Congratulations to the Senate, for demonstrating the link between responsibly addressing climate change and building the economy. As reported by Reuters:
Alternative energy investment prospects have shriveled in the United States after the U.S. Senate was unable to break a deadlock over tackling global warming, a Deutsche Bank official said.
"You just throw your hands up and say ... we're going to take our money elsewhere," said Kevin Parker in an interview with Reuters.
Parker, who is global head of the Frankfurt-based bank's Deutsche Asset Management Division, oversees nearly $700 billion in funds that devote $6 billion to $7 billion to climate change products.
Thanks to the brilliance of the Senate, Parker will be looking to invest in China and Europe, where policymakers are looking to the future, which the U.S. isn't. As Jed Lewison noted, the new Congressional state aid package is being funded, in part, by slashing $1.5 billion from renewable energy programs, which is like buying a hungry man some fish by selling a fishing rod.
Meanwhile, someone is setting an example of how to transition an economy to clean energy.
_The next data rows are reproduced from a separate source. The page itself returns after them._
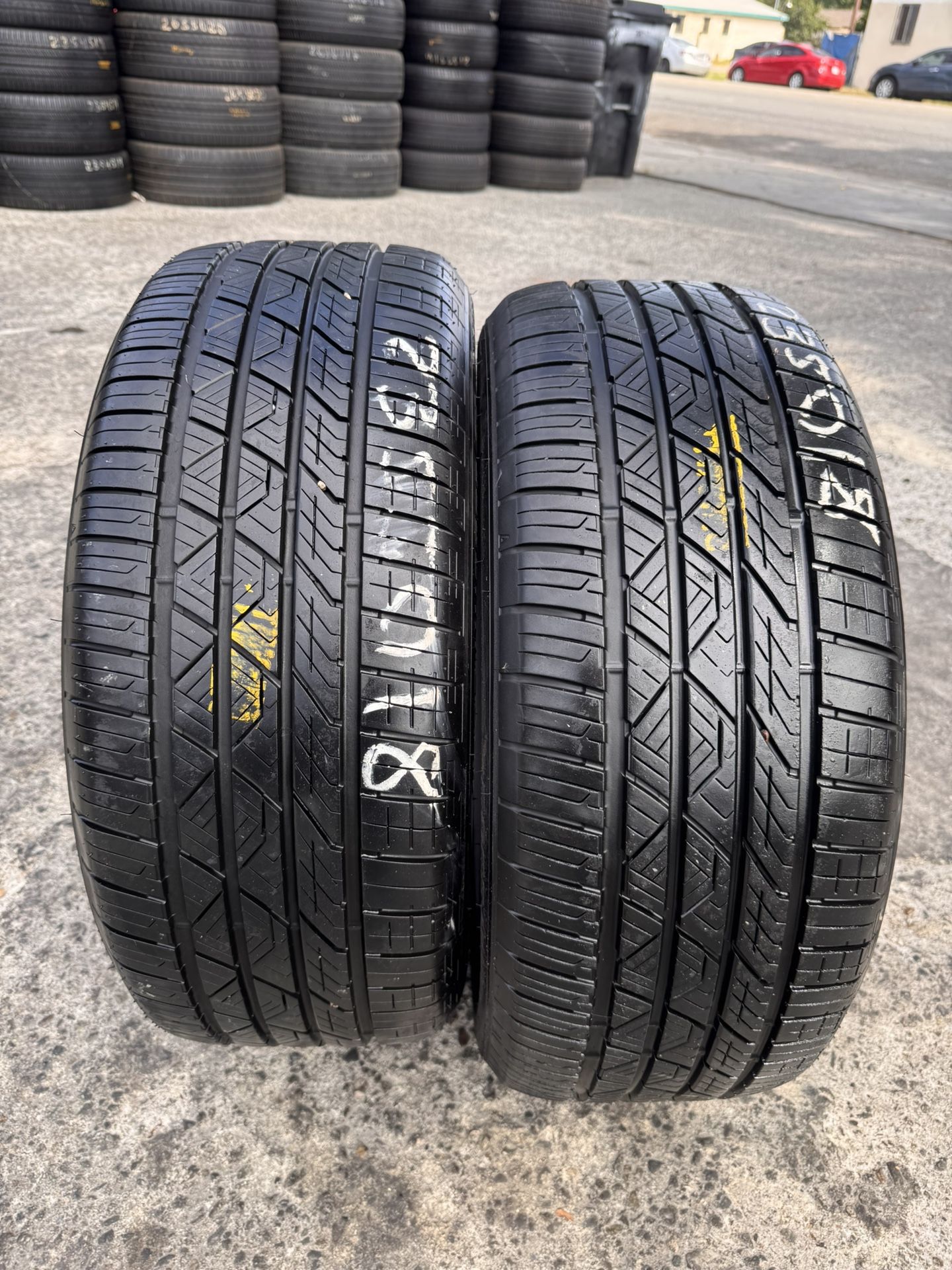 235/50/18 ROADHUGGER (2)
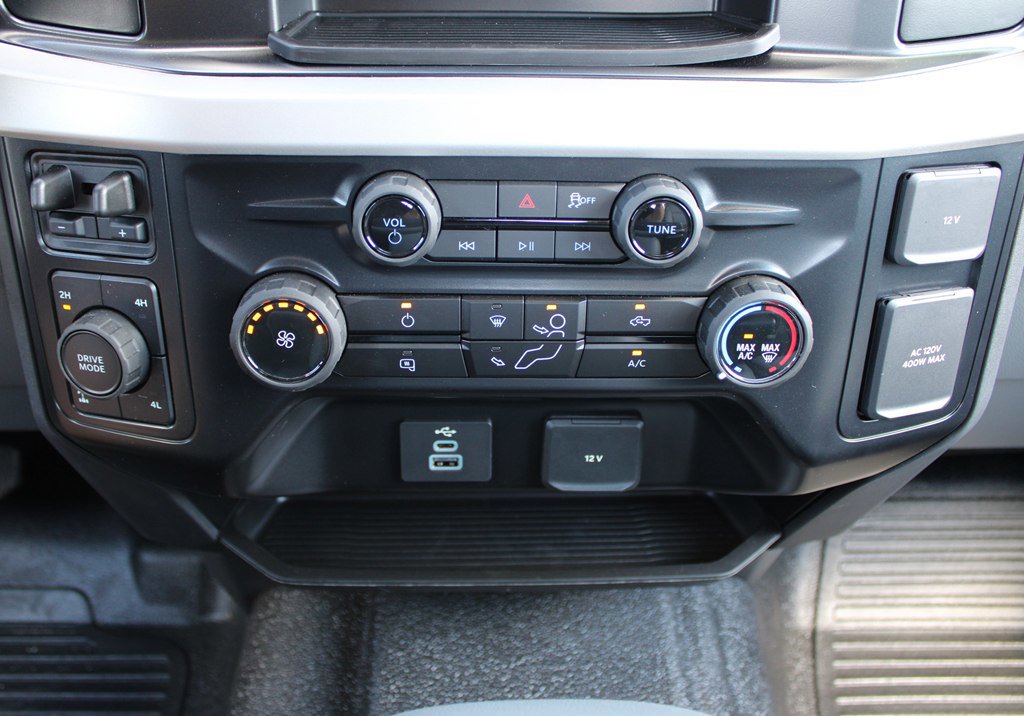 Used 2025 Ford F250 XLT image 23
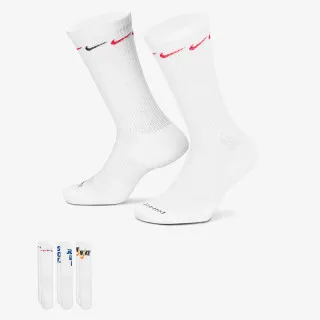 Nike Everyday Plus Cushioned 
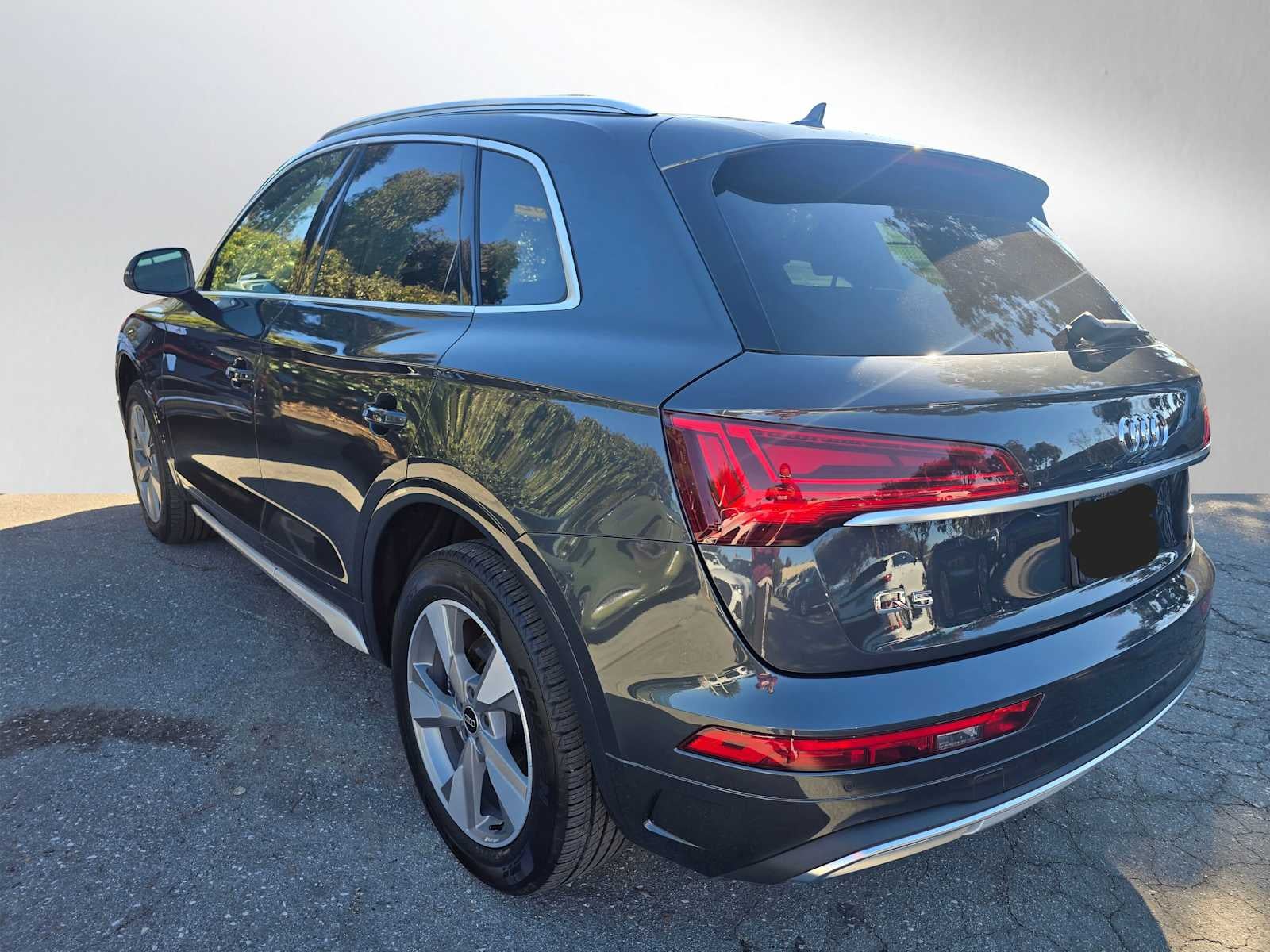 2023 Audi Q5 Premium Plus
Sometimes doing what is right at home is the way to demonstrate international leadership. This comes from the New York Times, on Tuesday:
Nearly 45 percent of the electricity in Portugal’s grid will come from renewable sources this year, up from 17 percent just five years ago.
Land-based wind power — this year deemed "potentially competitive" with fossil fuels by the International Energy Agency in Paris — has expanded sevenfold in that time. And Portugal expects in 2011 to become the first country to inaugurate a national network of charging stations for electric cars.
"I’ve seen all the smiles — you know: It’s a good dream. It can’t compete. It’s too expensive," said Prime Minister José Sócrates, recalling the way Silvio Berlusconi, the Italian prime minister, mockingly offered to build him an electric Ferrari. Mr. Sócrates added, "The experience of Portugal shows that it is possible to make these changes in a very short time."
Portugal, a country that is suffering some of the worst impacts of Europe's economic crisis. And despite a short-term increase in electricity costs. President Obama's goal is to have 20 to 25 percent of U.S. electricity produced from renewable sources by 2025, which may be optimistic, given the ease with which renewable energy programs are being eviscerated. By comparison, IHS Emerging Energy Research says Ireland, Denmark and Britain will be getting at least 40 percent of their energy from renewable sources by that same year. At the same time, federal agencies in the U.S. have been studying how to expand the use of the illusory "clean" coal. The Washington Independent has this exciting news:
The report calls on the Environmental Protection Agency, the Department of Energy, the Department of Justice, the Department of the Interior and the Treasury Department to provide recommendations on the issue by late 2011. In the meantime, the report gives a number of potential solutions to the liability dilemma. They include limiting future liability claims, creating an fund into which companies would pay to cover potential claims and the transfer of liability to the federal government.
Limiting corporate liability, while transferring it to the government. Sound familiar?